_EXERCISE DIRECTIONS:_
Set the listing down again exactly, please, apart from its pictures.

_DATA SECTION:_
* * * *

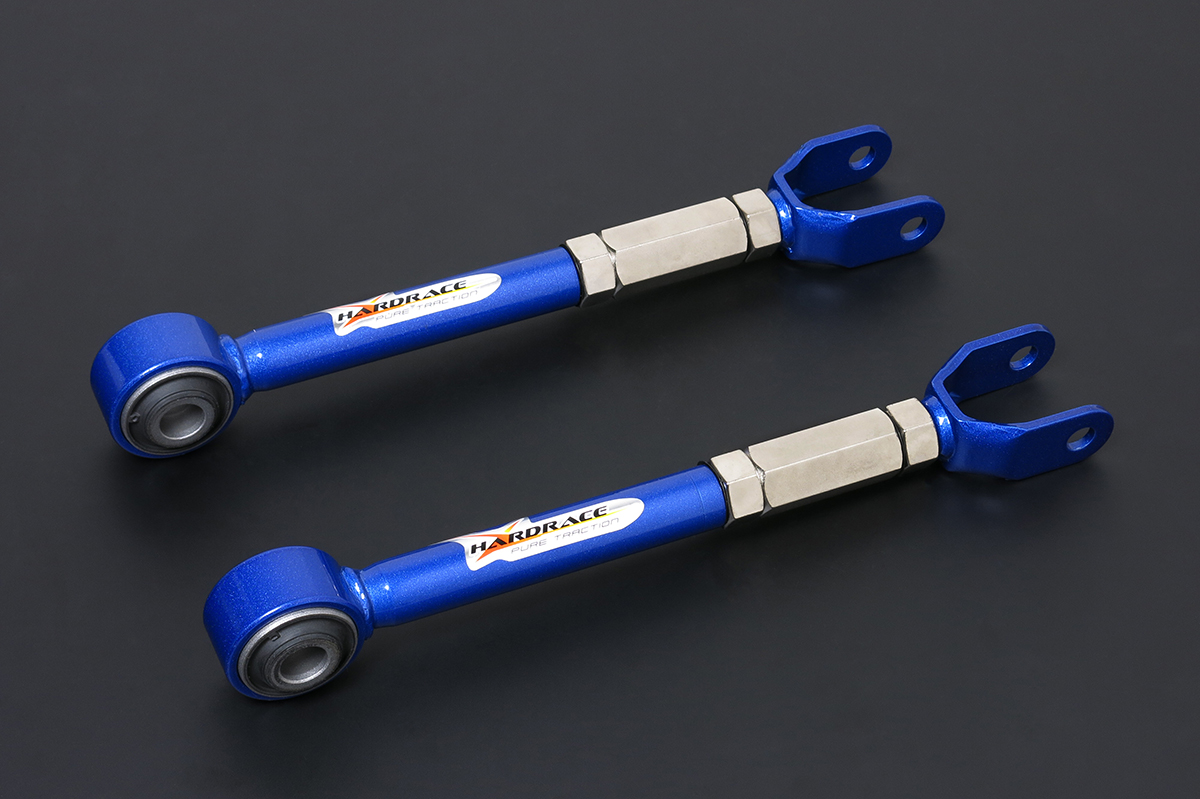 NISSAN SKYLINE R35 
REAR TRACTION ROD - SUPER STRONG
(HARDEN RUBBER) 2PCS/SET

* * * *

_EXERCISE SOLUTION:_
 NISSAN SKYLINE R35 
REAR TRACTION ROD - SUPER STRONG
(HARDEN RUBBER) 2PCS/SET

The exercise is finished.